Complements of Mathematics and Numerical Analysis

Why numerical analysis. Floating-Point Representation and errors, stability of computations. Condition Number and ill-conditioning, stability of algorithms and problems.

The interpolating polynomial problem. Proof of the uniqueness theorem. Construction of the interpolating polynomial with Vandermonde method and with Lagrange method. Interpolation error. Chebyshev interpolation points. Runge counter-example. Chebyshev interpolation points. Linear regression, least square method in the discrete case.

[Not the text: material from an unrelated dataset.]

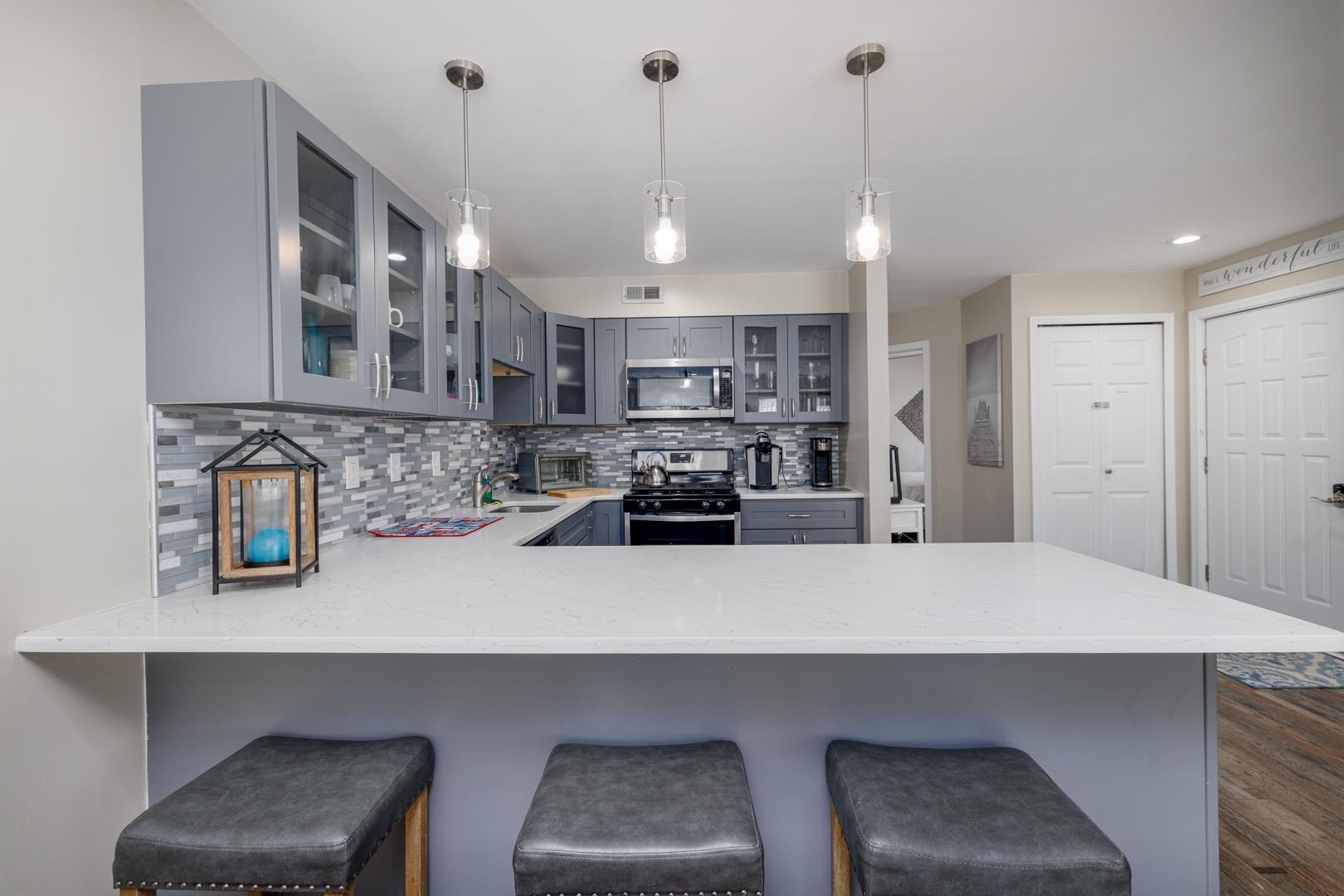 519 E 5th Avenue - Picture 3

Quadrature formulas for the approximation of definite integrals: rectangle, mid-point, trapezoidal and Cavalieri-Simpson rule. Newton-Cotes quadrature formulas: nodes, weights, open and closed formulas, degree of precision. Composite quadrature formulas; error's formulas.

An introduction to the numerical approximation of ordinary differential equations. Explicit and implicit Euler's method: geometrical derivation, with Taylor expansion, using derivatives' approximation schemes, based on quadrature formulas. Crank-Nicolson and Heun methods. Analysis of absolute stability, definition of convergence.

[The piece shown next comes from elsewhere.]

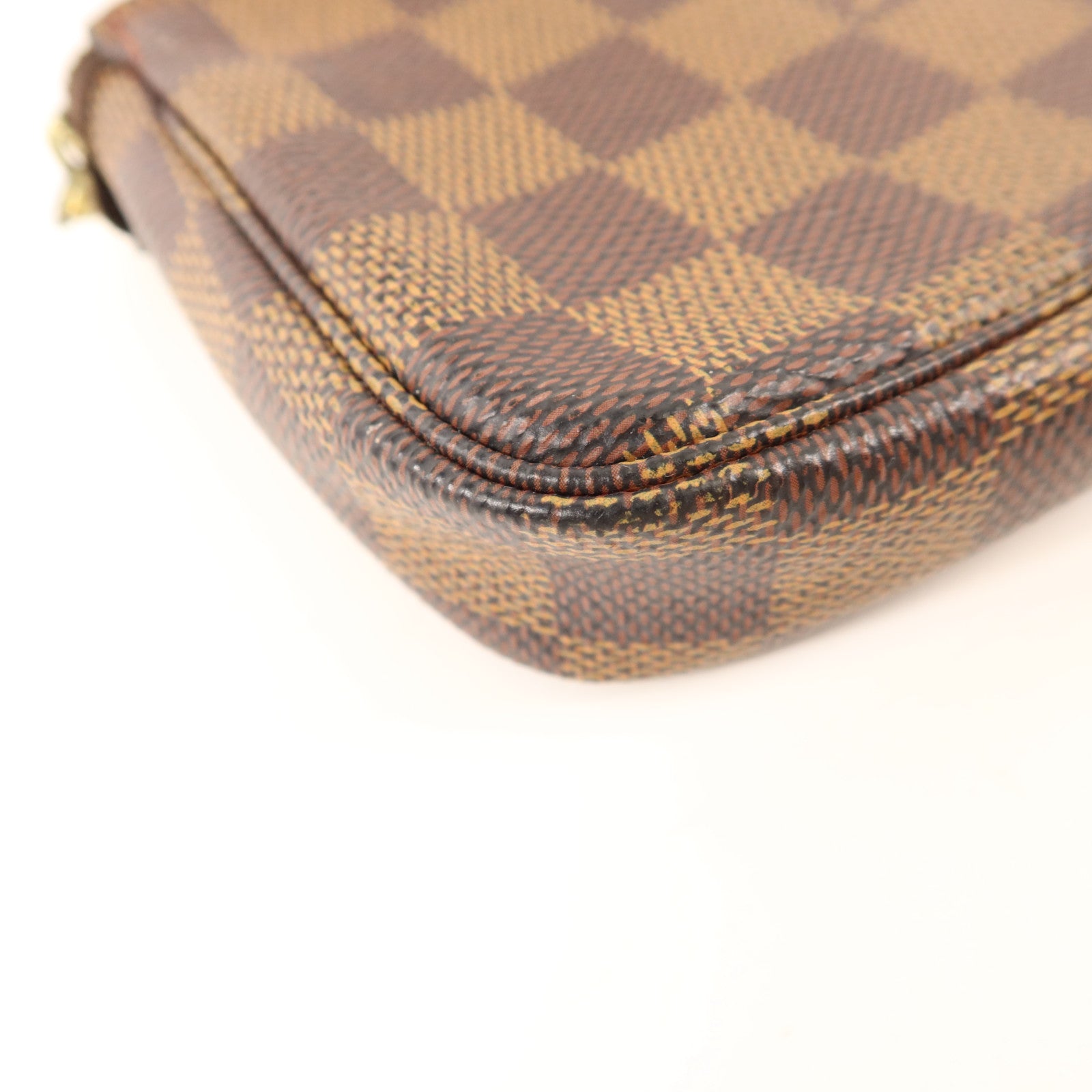 LOUIS VUITTON Damier Mini Pochette Accessoires金扣手拿包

Approximation of roots of functions: Bisection, Newton, chords' and secant method. Order of convergence. Stop test. Global convergence theorem for the Newton method.

Some recalls on vectors in the plane and in the space (R2 and R3): Norms of vectors.

Recalls on matrices in R(mxn): Diagonal and triangular, symmetric, diagonally dominant, symmetric positive definite. Norms of matrices: definition, properties, norm-1, norm-2 and infinity-norm.
Determinant of a 2x2 and 3x3 matrix (Sarrus rule). Condition number of a square matrix. Condition number of a linear system in the particular case of perturbation of the vector of constant terms. Gauss elimination method, A=LU, PA=LU, Cholesky factorizations. Jacobi and Gauss-Seidel iterative methods. Brief overview of localization of Eigenvalues.